As summer progresses, interest is rising as to the content of the soon-to-be-published National Cancer Plan. Specifically, how it will approach a widening survival gap between those who have benefited from sequential advances and those who have been left behind?
Targets are the watchword
[…] where progress has been slow to the point of static. Change here would not be marginal but almost magical in impact.
Certainly, when it comes to rebooting the NHS, the Secretary of State for Health and Social Care, Wes Streeting MP, has made it clear that his preference will be to use targets and measures to track delivery, drive progress and judge success. So much so there have been hints around withholding pay rises from NHS senior management if key targets go unmet.
Though with the National Cancer Plan still to be published, the question remains as to whether reliance on metrics will focus attention sufficiently on the less survivable cancers. In short, will a National Cancer Plan be the ambitious vehicle for change we are hoping to see? A plan which does more than simply describe a widening survivable gap but takes active steps to overcome years of selective inattention, which have left so many people – particularly those with brain tumours – repeatedly overlooked and desperately far behind?
We don’t have a lot of detail around the National Cancer Plan, but the expectation is that it will mirror the duration of the 10 Year Health Plan and contain elements of the 2019 NHS Long Term Plan, including specific targets to drive faster cancer diagnosis in stageable disease groups, which was 75% of people with cancer will be diagnosed at an early stage (one or two) by 2028.
We know also that there will be an emphasis on using innovation, AI and new technologies to prevent, diagnose and treat all cancers. Pulled together, the potential for progress is almost unimaginable. More so in groups where progress has been slow to the point of static. Change here would not be marginal but almost magical in impact.
Encouraging focus…or not?
But how encouraged should we be to hear the Cancer Plan will merely focus on the rare and less survivable cancers? Certainly, a focus is good. No doubt an element of the Plan which has come about in response to the tireless work by communities, charities and collaborative groups like Cancer52 and the Less Survivable Cancers Taskforce.
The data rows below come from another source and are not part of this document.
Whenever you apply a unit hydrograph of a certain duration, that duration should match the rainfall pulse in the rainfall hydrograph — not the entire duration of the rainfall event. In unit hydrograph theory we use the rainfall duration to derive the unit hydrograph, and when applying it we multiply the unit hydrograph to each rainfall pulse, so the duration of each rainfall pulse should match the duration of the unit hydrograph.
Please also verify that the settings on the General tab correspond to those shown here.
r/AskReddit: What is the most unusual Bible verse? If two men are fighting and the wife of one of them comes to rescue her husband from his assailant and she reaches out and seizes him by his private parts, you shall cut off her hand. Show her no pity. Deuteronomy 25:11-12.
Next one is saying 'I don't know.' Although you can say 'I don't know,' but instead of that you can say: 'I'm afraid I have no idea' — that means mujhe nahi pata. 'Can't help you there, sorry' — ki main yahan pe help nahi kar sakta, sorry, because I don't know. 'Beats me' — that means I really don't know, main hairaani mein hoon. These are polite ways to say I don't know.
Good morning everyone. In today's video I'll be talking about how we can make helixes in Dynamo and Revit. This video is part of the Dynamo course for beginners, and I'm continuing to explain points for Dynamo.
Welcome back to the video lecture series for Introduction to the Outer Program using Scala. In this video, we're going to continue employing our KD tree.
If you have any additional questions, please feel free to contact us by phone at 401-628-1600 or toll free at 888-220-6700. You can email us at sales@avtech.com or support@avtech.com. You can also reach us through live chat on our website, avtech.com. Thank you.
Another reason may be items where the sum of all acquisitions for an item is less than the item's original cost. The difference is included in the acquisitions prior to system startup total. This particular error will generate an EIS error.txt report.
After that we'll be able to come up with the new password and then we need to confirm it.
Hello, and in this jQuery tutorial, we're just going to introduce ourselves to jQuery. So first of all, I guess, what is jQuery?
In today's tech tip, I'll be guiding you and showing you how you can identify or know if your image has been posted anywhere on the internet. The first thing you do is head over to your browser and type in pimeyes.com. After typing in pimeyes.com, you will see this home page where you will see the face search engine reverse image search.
However, without a specific measurable focus on less survivable cancers, where 5-year survival outcomes remain desperately low at less than 20%, the risk is that potential is realised once again almost exclusively elsewhere. Efforts may be unintentionally diverted because there isn’t a clear target against which healthcare delivery must report and be held accountable.
This is not about diverting resources away from some cancer groups in favour of another. No-one wants that. There is no ‘good’ cancer diagnosis where we’re all satisfied enough has been done. Every single person with that diagnosis must face into the terrible consequences it has the potential to bring.
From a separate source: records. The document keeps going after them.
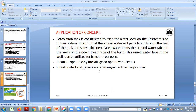The percolation tank is constructed to raise the water level on the upstream side of the percolation bund so that stored water percolates through the bed of the tank and its sides. This percolated water joins the ground water table and recharges the wells at the downstream side of the bund. The raised water level in the wells can be utilized for irrigation purposes. It can be operated by village cooperative societies, and flood control and general water management is also possible with the help of percolation tanks.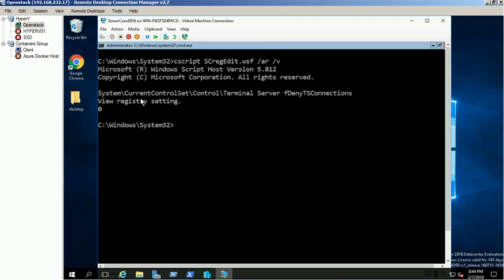Now we can access this machine through RDP. Find the server IP using the ipconfig command.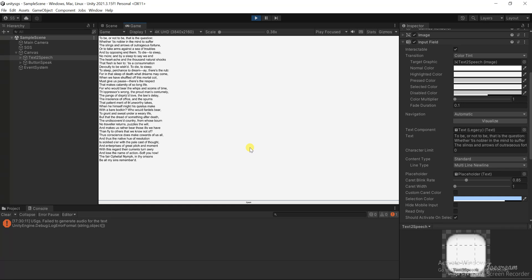Soft you now, the fair Ophelia, nymph in thy orisons be all my sins remembered.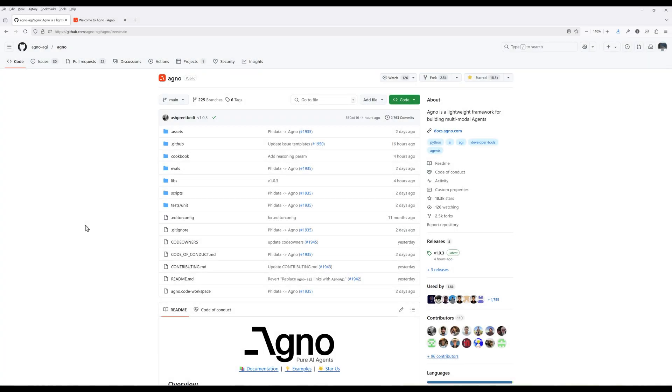AI agents are transforming how we work, automating tasks, analyzing data, and can even act as a reliable personal assistant.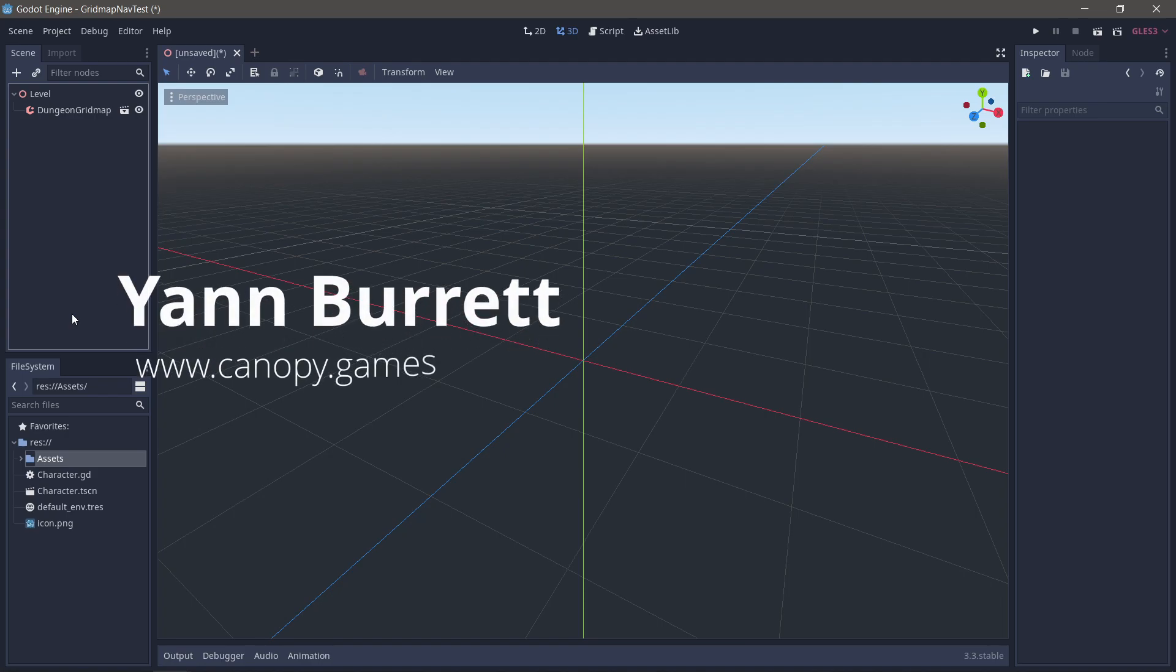Hello, you glorious Godot people. Jan here from Canopy Games with a really quick tip to do with grid maps.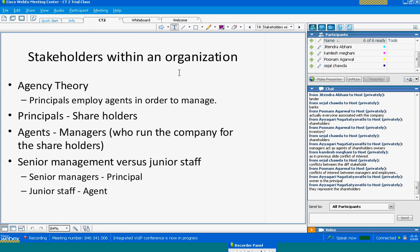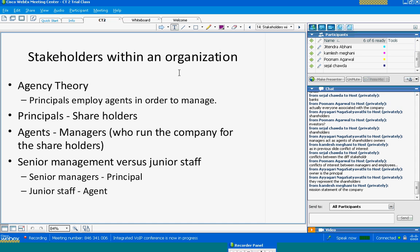You can also think of senior managers as principals and junior staff as agents. Given that there is a conflict of interest, one might suggest that every manager acts in his own self-interest against shareholders. But that is not the case. In most companies there is a broad alignment of shareholder interest with the interest of managers.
No, this is about not learning from the past. Recognising that without a clear target, our NHS might be (re)arranged in ways that allows less survivable cancers to once again fall through gaps in the roll out of these game-changing initiatives. For those affected it won’t be just about seeing the benefits of technological advances land elsewhere, missing them out yet again, but robbing them of the only way to flag that the hoped-for, much-needed progress has not been made. It risks rendering them voiceless at a policy level – again.
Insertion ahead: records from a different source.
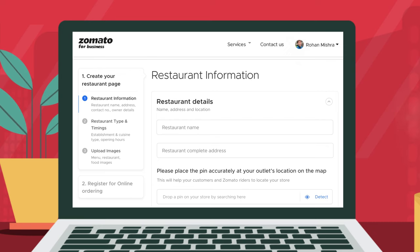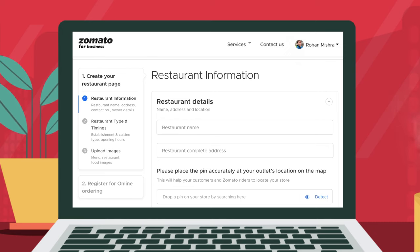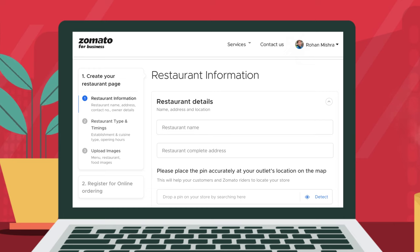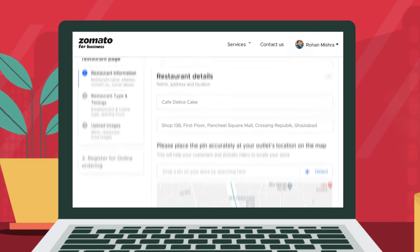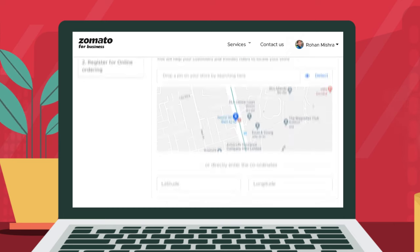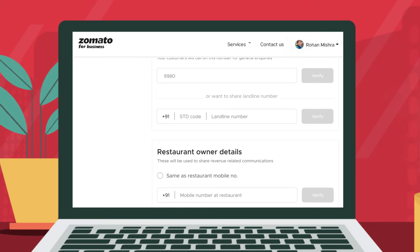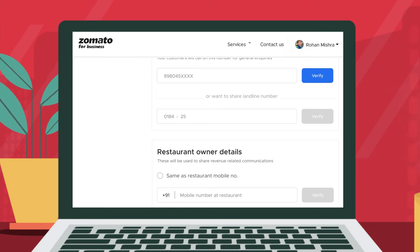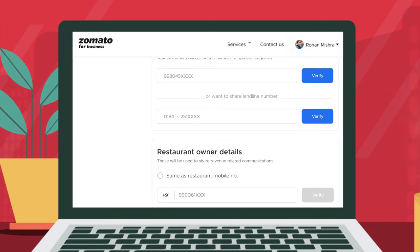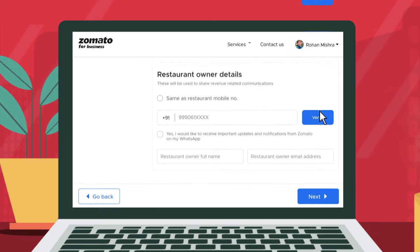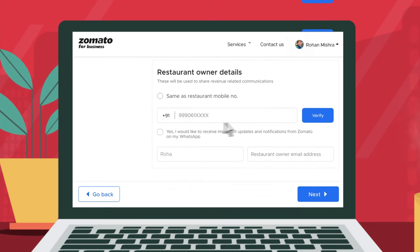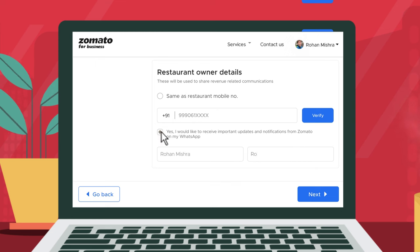Please enter the basic details of the restaurant such as name, address, location or coordinates, and contact number of the owner and restaurant. You will need to verify both the contact details via an OTP.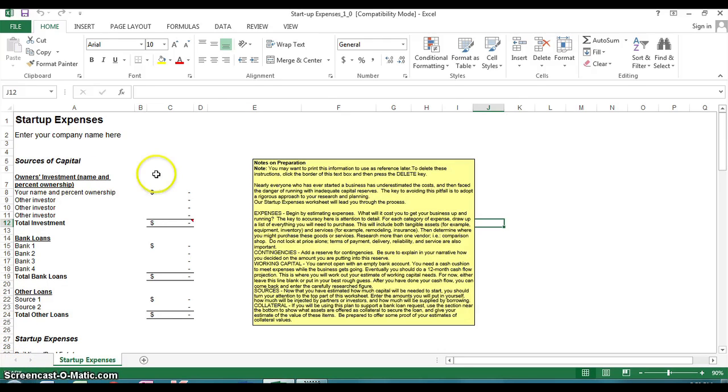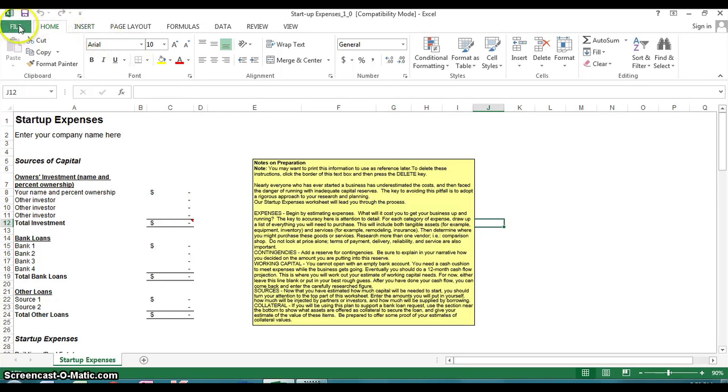Whether you're in Word, Excel, or any of the Microsoft Office applications, while the document is open, you want to go to the file tab.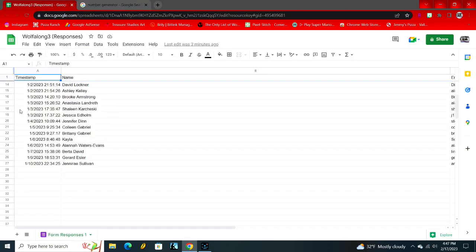18, Eshalene Karzaki. I probably butchered that, I'm so sorry. Congratulations! I have your email address, so I will email you and just let me know what you would like as your gift certificate. Congratulations Eshalene, I hope you enjoy whatever you purchase with your gift card.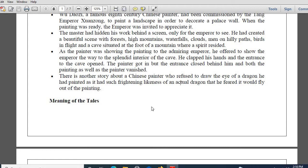There is another story related with an anonymous Chinese painter who had drawn an entire dragon but had not drawn the eye of the dragon. He was very frightened because the dragon he had drawn had a frightening likeness with that of an actual dragon, and he feared it would fly out of the painting. That was the only reason he had not drawn the eye of the dragon.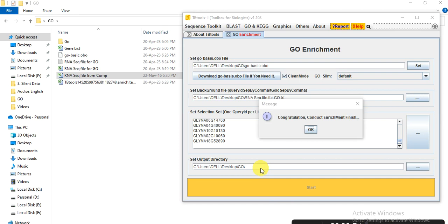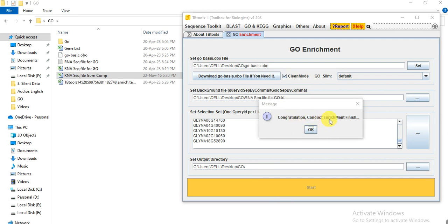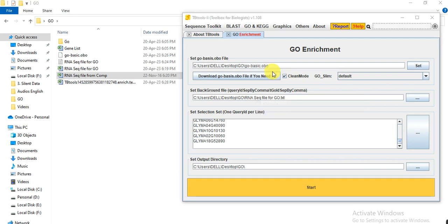The analysis will complete in about one minute maximum. When the message 'Congratulations, GO enrichment finished' appears, click OK.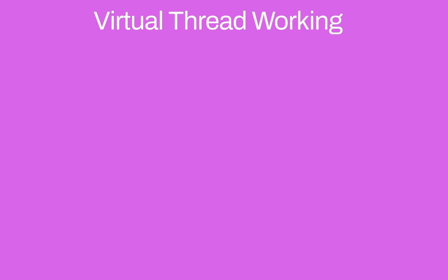When a task needs to be executed, it is assigned to a virtual thread, which is then tied to a platform thread. This is called mounting. Now a question arises, how do virtual threads solve the problem of blocking operations mentioned earlier?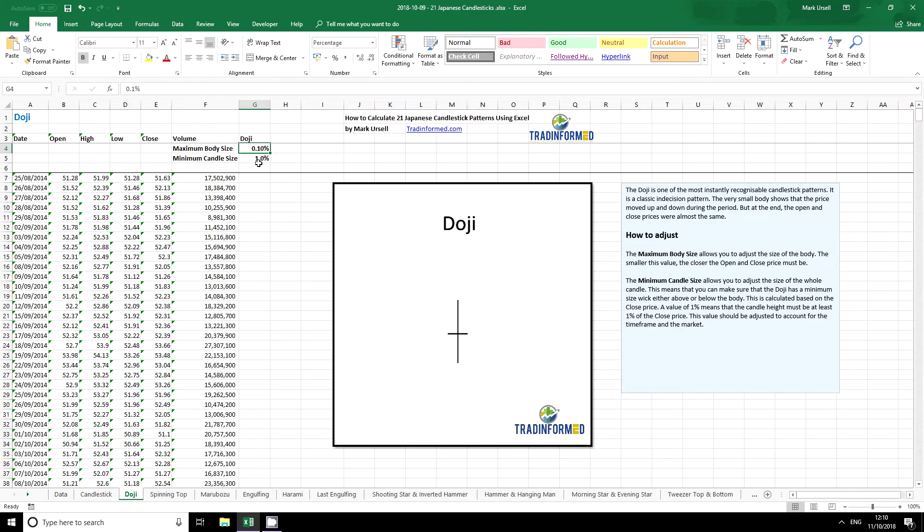The second number I've got here is a minimum candle size and this is to make sure that very small candles do not get caught up in our analysis. Now both of these numbers will depend on the market and in particular on the timeframe that you are testing.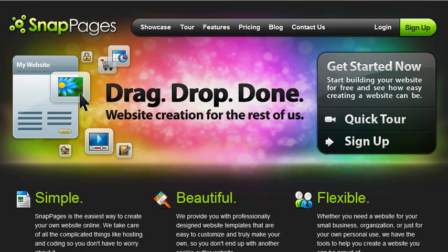Basically with this site, once you sign up and you start creating your pages, all you have to do is drag your images and content where you want them to be and just drop it and you're done.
It’s worth mentioning at this point that my background in clinical medicine means I am at times a bit of a target sceptic. Too often I’ve witnessed the requirement to meet a national target using local services drive some very mixed results for patients and staff alike. Unforeseen (but perhaps, foreseeable) adverse outcomes or an explosion of workarounds so that managers can report ‘success’ and in so doing avoid punitive actions against organisations for non-delivery have, in my view, contributed to staff conflict, blame culture, large variations in care across the country and patient distrust. Much of this eclipsing any benefit the original target may have had. The 4-hour wait in A&E is just such a cautionary tale.
What kind of health service do we want?
National targets say something profound about our culture. About our desire to ensure that when we adopt a National Cancer Plan, it is rolled out in a way that benefits everyone who has – or will be given – a cancer diagnosis.
The key inflection point is where national policy meets local delivery. This is where a target to double survival in the less survivable cancers could have huge impact; the requirement to attend to (and report on) this group driving genuine consideration for how proposed Neighbourhood Health Services will be designed. A national target to double survival in this particular group of cancers, including brain tumours, would mean being included into key initiatives processes which are critical to their care and survivorship, such as access to early diagnostics or innovation just because of rarity or complexity at the local level.
What now?
No government has ever looked at less survivable cancers in this light before. But as we stand on the cusp of huge technological advances in medicine, we must ask ourselves what meaning these improvements will have if they are so inequitably applied that some groups are simply left out?
A new National Cancer Plan is a chance to make good the oversights of the past. To do more than just acknowledge the widening survival gap or offer a plan with a focus on these outcomes. To show just how serious the government is about achieving that much-needed survival change, the Cancer Plan must go further. It must drive progress through setting a target to double survival in this group
Yes, caution is needed. But wouldn’t we all prefer to take the risk on something this important than know we accepted a Cancer Plan that didn’t try just that bit harder?